// CASE STUDIES

The Receipts.

Three systems built inside the Tesseract ecosystem. What they solve, how they were built, and what they proved.

Case Study 01
The InDecision Engine
// The Challenge

7 years of market analysis, 300+ investor calls, and one recurring problem — I could see setups clearly but couldn't systematically articulate what made them high-conviction versus noise. Everything lived in my head.

// What Was Built

A 6-factor weighted scoring model. Daily Pattern (30%), Volume (25%), Timeframe Alignment (20%), Technical Confluence (15%), Market Timing (10%), and Risk Context as a qualitative override. Each factor scored 0-100. Spread between bull and bear scores determines conviction tier.

// The Numbers
82.5%
Directional accuracy
6
Weighted factors
v5
Current version
Live
Polymarket deployment
// The Lesson

The value of a framework is not the output — it's the structured diagnostic. When a trade fails, InDecision tells you exactly which factor was wrong. That's the compound learning loop that pure intuition can never produce.

Case Study 02
Soul — The Digital Twin
// The Challenge

Every pipeline I built was orphaned after it ran. Claude Code sessions start and end. Cron jobs fire into the void. No persistent context, no ongoing intelligence, no way to orchestrate between systems. I needed a nervous system, not more tools.

// What Was Built

Soul — a persistent AI agent running 24/7 on a Mac Mini. Not a chatbot. An orchestration layer.
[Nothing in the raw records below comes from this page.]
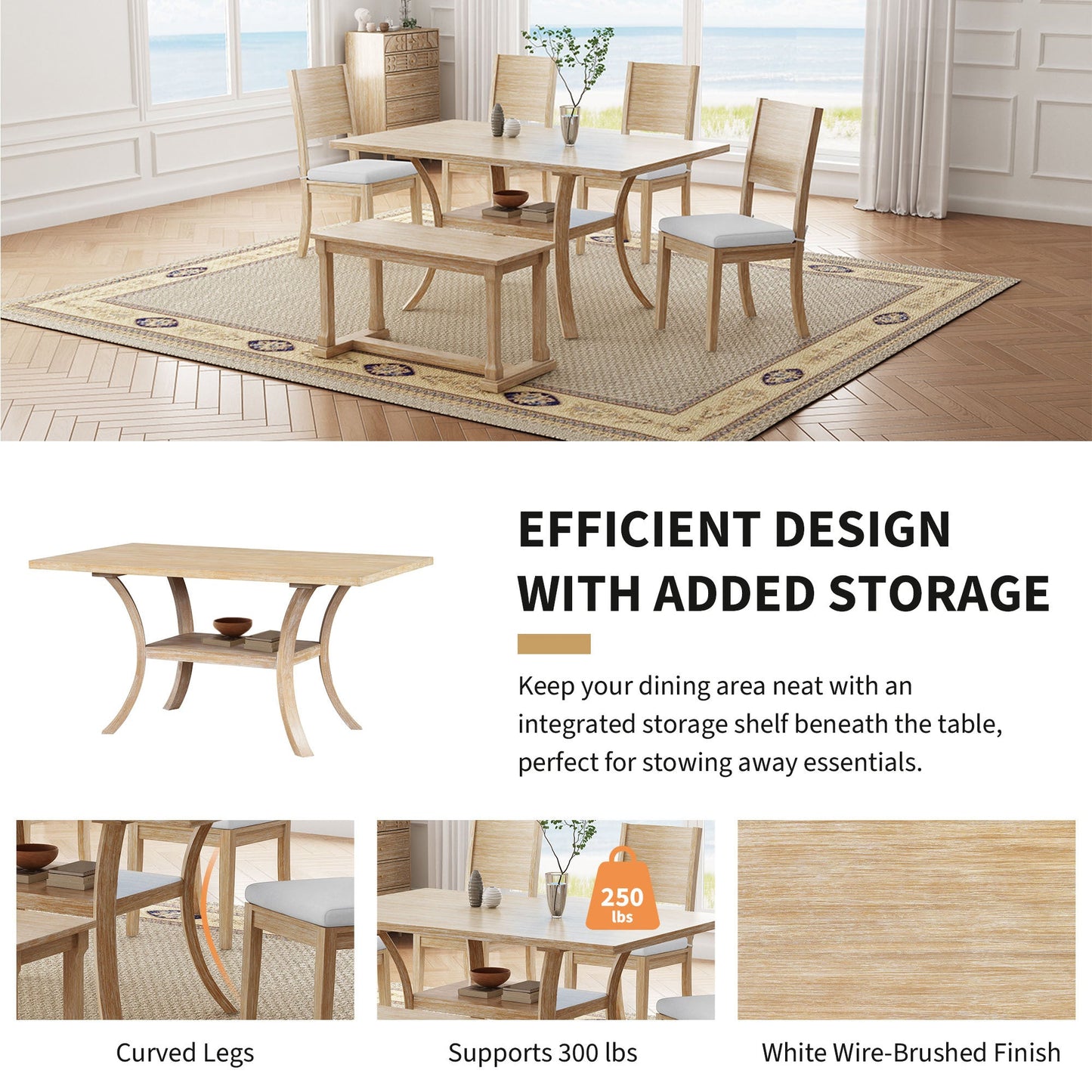 6-Piece Wooden Dining Table Set with Storage Shelf and Curved Legs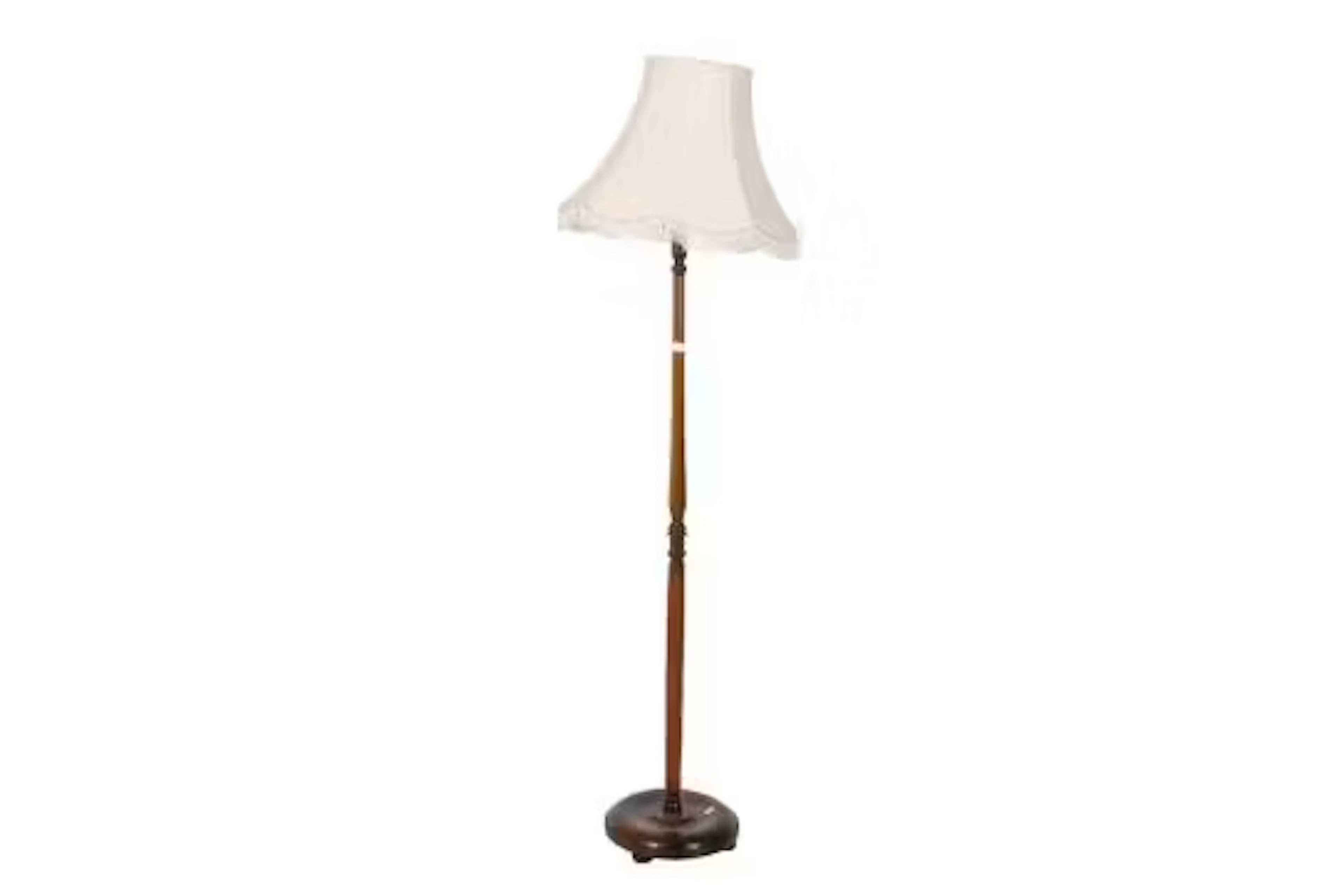 A vintage oak standard lamp.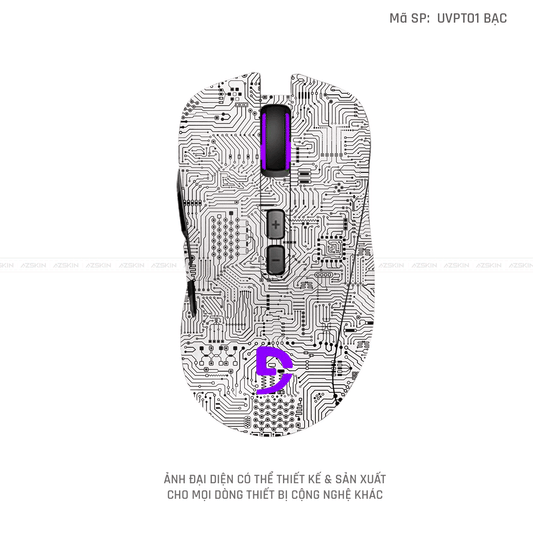 Skin Dán Chuột Fuhlen Vân Nổi Hình Vi Mạch Bạc | UVPT01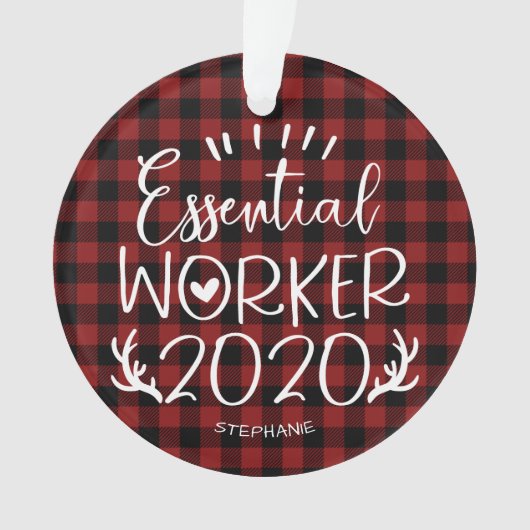 Essentiële Werknemer 2020 Covid-pandemie Kerstmis Ornament (voorkant)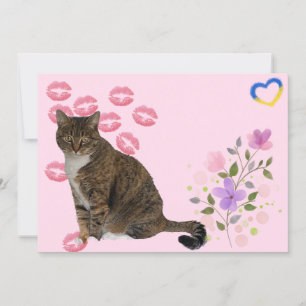 Annie the Cat's Flowers and Kisses Flat  Card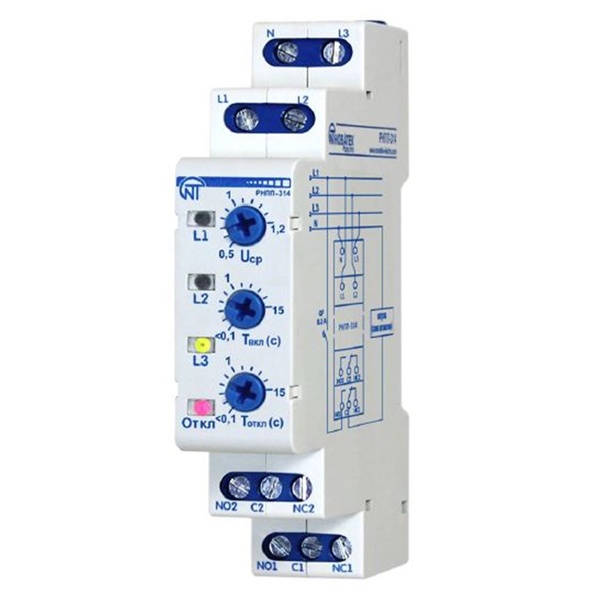 Трехфазное реле напряжения Новатек РНПП-314 одномодульное аналог РНПП-311М, АПВ на DIN-рейку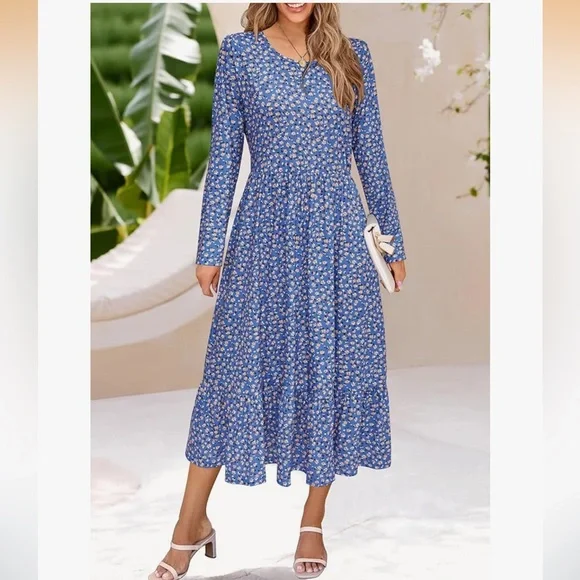Women's Blue Floral Long Sleeve Dress, Size-Large - Picture 6 of 7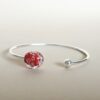 Bracelet Ile aux Moines rouge Les Perles du Golfe du Morbihan Atelier LouPi Verre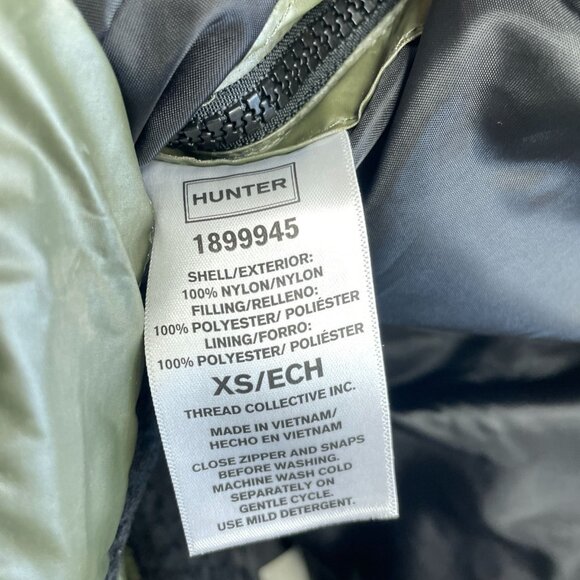 NEW Hunter Women's XS Mid Length Puffer Coat Olive Green Full Zip Hooded - Picture 10 of 13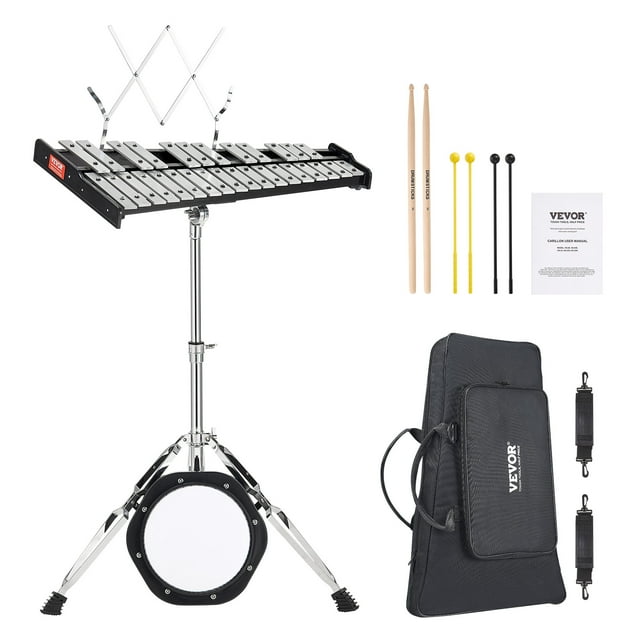 VEVOR 30 Note Glockenspiel Xylophone Bell Kit, Professional Percussion Instrument Set with Mallets, Drum Sticks, Music Stand, 8" Practice Pad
Soul manages Discord and Telegram sessions, spawns Claude Code for build tasks, routes between 40+ cron pipelines, and maintains long-term memory across sessions. The September attempt broke because I was treating agent sessions like API calls. Soul treats them like a consciousness.

// The Numbers
40+
Pipelines orchestrated
16
Incidents caught by Sentinel
0
Unplanned outages (3 weeks)
3
Channels managed simultaneously
// The Lesson

The persistent agent is not a feature. It's the foundation. Everything else in the stack depends on Soul's ability to maintain context, route decisions, and remember what happened. Build the nervous system first.

Case Study 03
The Polymarket Bot
// The Challenge

I had a trading framework with 82.5% accuracy, but I was still executing manually — analyzing setups, placing bets, closing positions by hand. The bottleneck was me. At scale, the advantage disappears if execution speed doesn't match signal speed.

// What Was Built

PolyEdge v4 — fully autonomous prediction market trader. Scans Polymarket binary options, runs each setup through InDecision, executes on high-conviction signals (HC ≥15 spread), manages position sizing, and triggers Post Mortem AI on every close. Direct InDecision Engine integration with no human in the loop.

// The Numbers
v4.0
Current version deployed
HC ≥15
Execution threshold
3
New market categories
Auto
Post mortem on every close
// The Lesson

Automation without a framework is just fast mistakes. The bot is only as good as InDecision. The model came first. The automation made it scale.